#### Problem to solve:
Your answer should consist solely of the lines from the one containing "MissRomero online show from 23, 9, 2025" through the end of the entries below, duplicated exactly.

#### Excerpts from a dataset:
[Start of section]

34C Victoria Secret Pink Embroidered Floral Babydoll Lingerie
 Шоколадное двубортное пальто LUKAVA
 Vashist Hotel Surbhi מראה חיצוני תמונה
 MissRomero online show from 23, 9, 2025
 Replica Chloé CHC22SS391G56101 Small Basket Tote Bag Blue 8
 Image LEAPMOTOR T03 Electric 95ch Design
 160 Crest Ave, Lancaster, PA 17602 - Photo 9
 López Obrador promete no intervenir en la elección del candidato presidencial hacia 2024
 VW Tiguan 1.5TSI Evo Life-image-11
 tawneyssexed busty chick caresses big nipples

[End of section]

#### Finished exercise:
 MissRomero online show from 23, 9, 2025
 Replica Chloé CHC22SS391G56101 Small Basket Tote Bag Blue 8
 Image LEAPMOTOR T03 Electric 95ch Design
 160 Crest Ave, Lancaster, PA 17602 - Photo 9
 López Obrador promete no intervenir en la elección del candidato presidencial hacia 2024
 VW Tiguan 1.5TSI Evo Life-image-11
 tawneyssexed busty chick caresses big nipples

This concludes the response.